What that leaves are two types of entrepreneurs that are grossly underrepresented in the current entrepreneurial marketplace. The first of these entrepreneurs is the "base hitter." These individuals are highlighted in the book Moneyball, players that are known not for their flashy home run percentage, but consistency and reliability. They don't try to go for the next base when it isn't worth the risk, and don't swing for the fences every time they're at the plate. Businesses like these can be incredibly successful. No, you're probably never going to see a billion-dollar valuation, but who cares? You can still be wildly successful with a job that you enjoy, impacting people's lives while earning a comfortable six-figure salary and priming yourself, if done correctly, to sell your business and cashing out with enough money to retire happily. Who can argue with that?

The other type of entrepreneur that we're not seeing as much of are the big thinkers. These guys understand the risk of starting a business. They also understand that it might take millions of dollars and they might fail miserably, but the risk is worth a shot. After all, if you're going to sink your entire fortune and forever wreck any possibility of ever having a good credit score ever again, why do it on something as trivial as a niche market social media app? These entrepreneurs, such as Elon Musk, recognize that the success of their business relies on them doing something that no one else is willing to do and then doing it anyway. Damn the torpedoes, full speed ahead.

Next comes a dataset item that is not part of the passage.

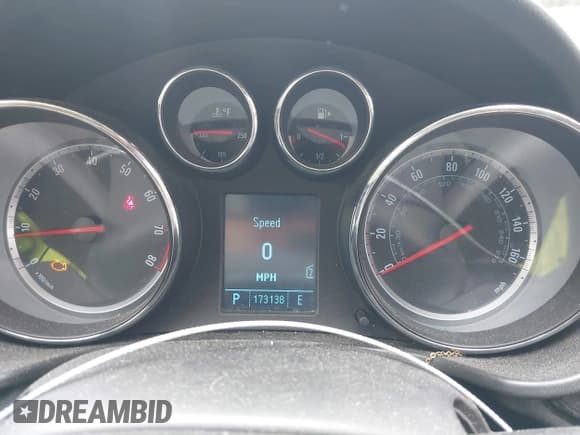 ✅ 2011 Buick Regal CXL RL4 • VIN: W04GS5EC9B1006007 • Lot: 42215556. Listed on IAAI with 173,138 mi. Free auction sales archive from the USA and detailed vehicle history report at DreamBid. Image 7.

Entrepreneurship is not, will not be, and has never been easy. As much as we would love to be able to pursue the American dream of starting our own businesses, most people never will. It is an incredibly daunting undertaking, and most Americans simply aren't cut out for the job. However, it's a dirty job that somebody needs to do. Entrepreneurs are the growth makers, the job builders, and, potentially, the very people that may save our species from itself. We need big thinkers that have big projects that could solve big problems. We need people that are willing to take the risk on something big, such as alternative energy, space transportation and colonization, human longevity, and, perhaps even solving a way of eliminating the differences between us so that we can accomplish more without the strife in disputes that we have now. These are big problems, some that may never be fully solved, but that doesn't make them not worth pursuing.

There are still frontiers left to explore, there are still pioneers needed to stake out new territory. Unfortunately, right now, there are just not enough.